His child victim was 4-years-old when Cecena began sexual abusing her. By the time she was 14, nine years later, this vicious child rapist was sexually exploiting the terrified girl on a daily basis.
The cold-blooded pedophile is described as having “absconded” when his bail, which was originally set at the ridiculously low amount of $10,000, was further lowered to a mere $5,000 by sympathetic judge, Deborah Bernini, when she learned the pedophile’s 11-year-old son was terminally ill. Bernini might have shown similar compassion for the victim of Cecena’s continuous brutality, and for the future victims of this pedophile, by denying his hardship request.
As might reasonably be expected, Cecena made the lowered bail and fled. He was not present for either the trial or verdict. In the unlikely possibility he is ever caught, a sentence, which ranges from 13 to 27 years, will be imposed.
Unfortunately, Judge Bernini is not up for retention on the November 2 General Election ballot. On the Pima County court’s welcome video Presiding Judge Jan Kearney says their mission is to provide timely, fair and efficient justice which instills public confidence in the system.
In this case the mission has fallen far short of its goal.
Recently Deborah O’Malley, formerly with The Heritage Foundation Center for Legal and Judicial Studies and now a Fellow at the John Jay Institute wrote this cogent review titled A Defense of the Elected Judiciary.

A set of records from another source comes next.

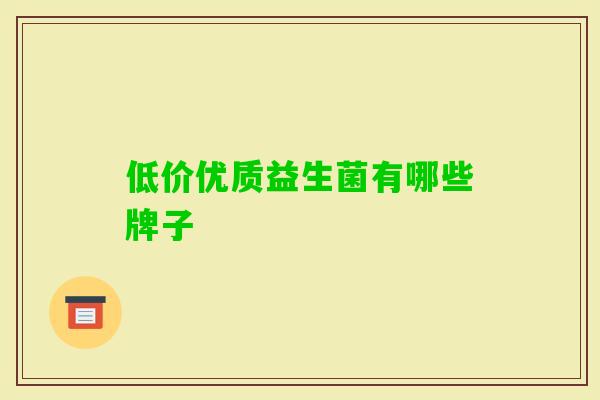 低价优质益生菌有哪些牌子 低价优质益生菌有哪些牌子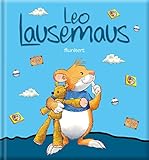 Leo Lausemaus flunkert: Kinderbuch zum Vorlesen – eine Kindergeschichte für Kinder von 2 bis 4 Jahren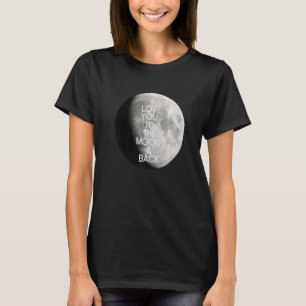Ich Liebe Sie auf den Mond und zurück Vollmond Lun T-Shirt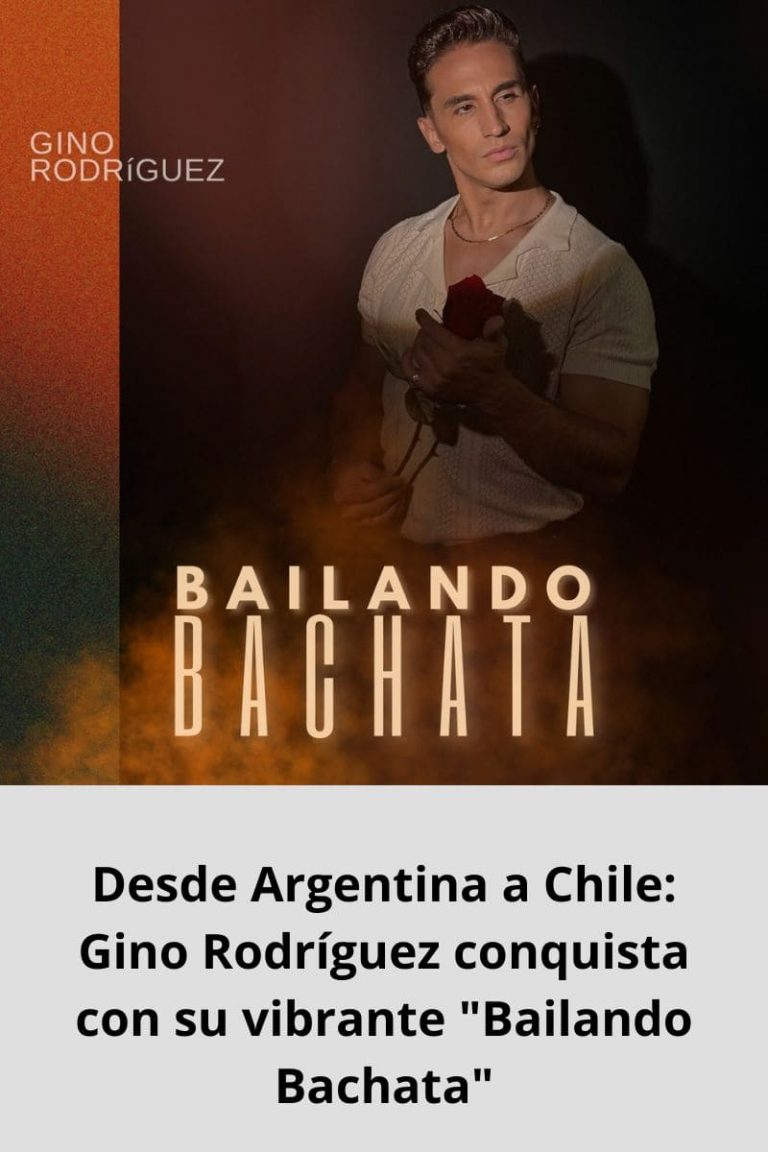 Desde Argentina a Chile: Gino Rodríguez conquista con su vibrante «Bailando Bachata»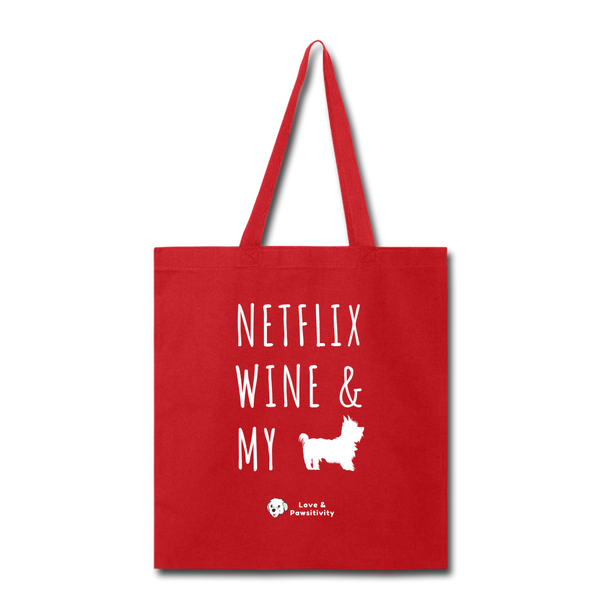 Netflix, Wine, & My Yorkie | Tote Bag - red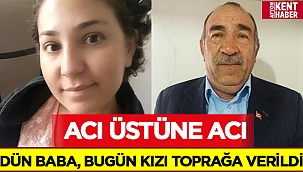Sultandağı'nda dün baba bugünde kızı toprağa verildi! 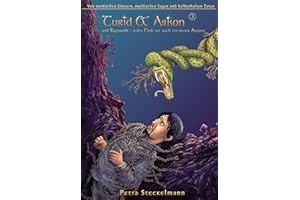 Turid & Askon und Ragnarök - jedes Ende ist auch ein neuer Anfang: Die alten Geschichten der nordischen Götter-und Heldensagen kindgerecht erzählt. ... Götter-und Heldensagen kindgerecht erzählt.)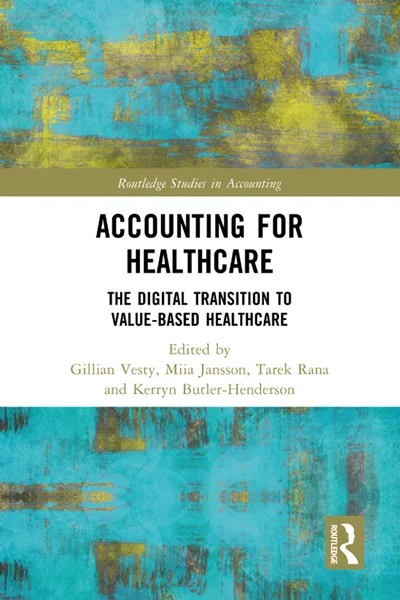 Accounting for Healthcare: The Digital Transition to Value-Based Healthcare, 9781032685380, 9781040020111, 9781032685489, 9781040020104, 978-1032685380, 978-1040020111, 978-1032685489, 978-1040020104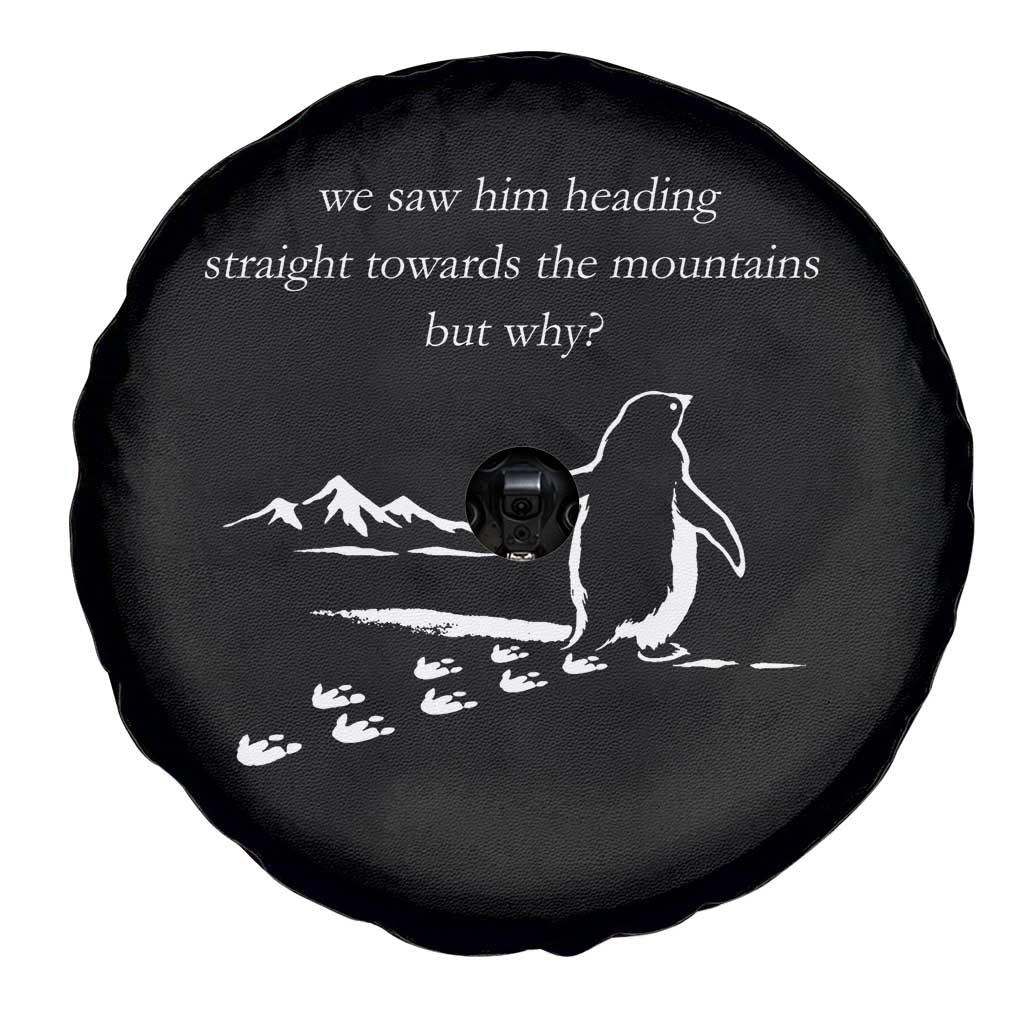 But Why Penguin Spare Tire Cover Funny Nihilist Penguin Hiking Meme Head Towards The Mountains TS14 Print Your Wear
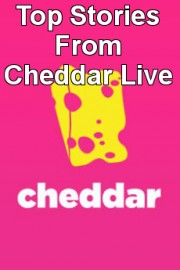 Top Stories From Cheddar Live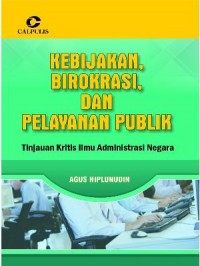 Kebijakan, birokrasi, dan pelayanan publik: tinjauan kritis ilmu administrasi negara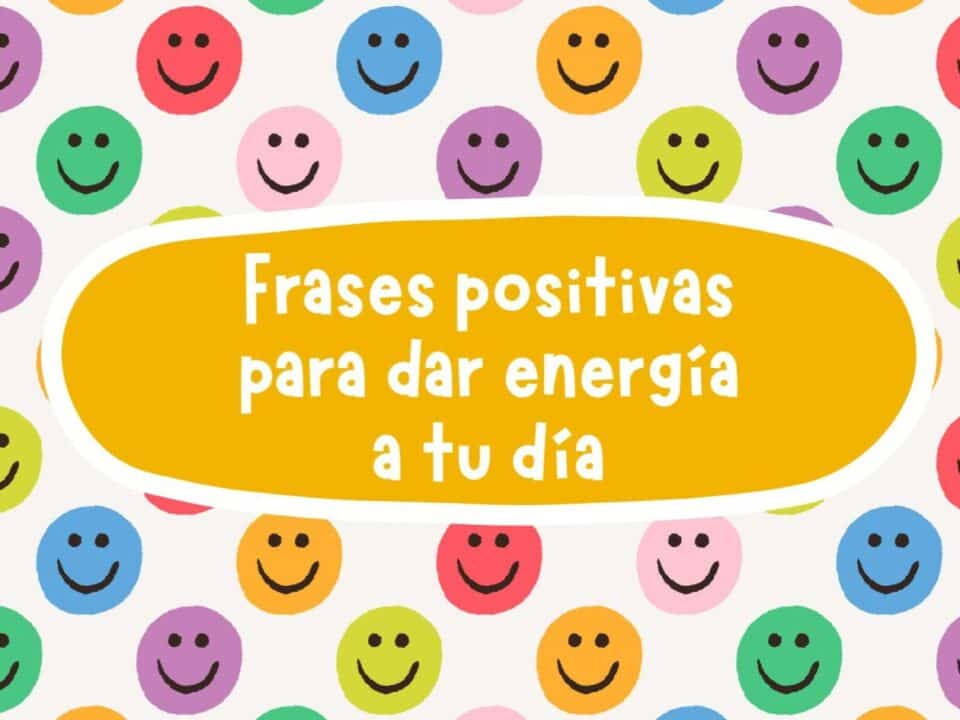 44 frases de buena vibra positiva eleva tu energia y motivacion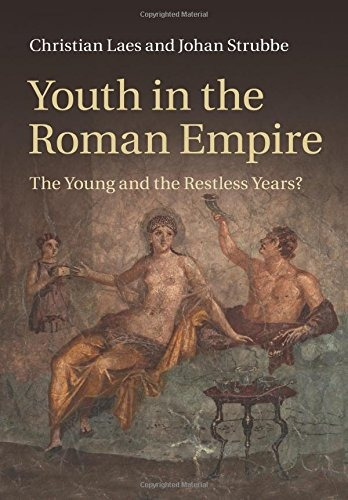 Youth In The Roman Empire The Young And The Restless Yearsr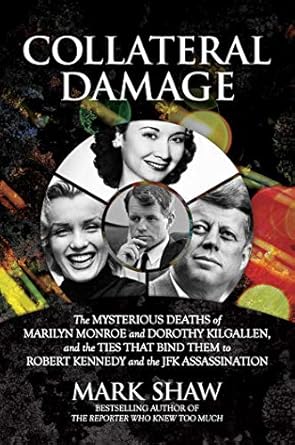 collateral damage the mysterious deaths of marilyn monroe and dorothy kilgallen and the ties that bind them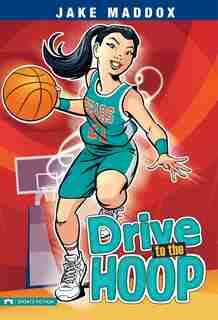 Drive To The Hoop by Jake Maddox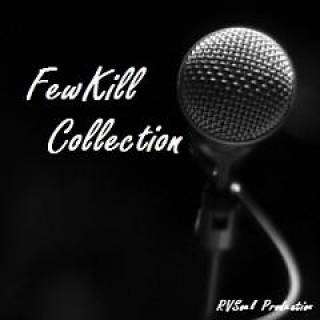 FewKill Collection 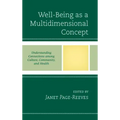 Well-Being as a Multidimensional Concept: Understanding Connections among Culture, Community, and Health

We urge you to read it. There are forty-eight judges up for retention in Maricopa County (greater Phoenix area), eight judges in Pima County (greater Tucson), and seven judges standing for retention on Division One of the Court of Appeals. Of the five Arizona Supreme Court Justices, only the name of the chief justice will appear on the November ballot.
Not a single Arizona judge has ever been removed through the farcical retention process.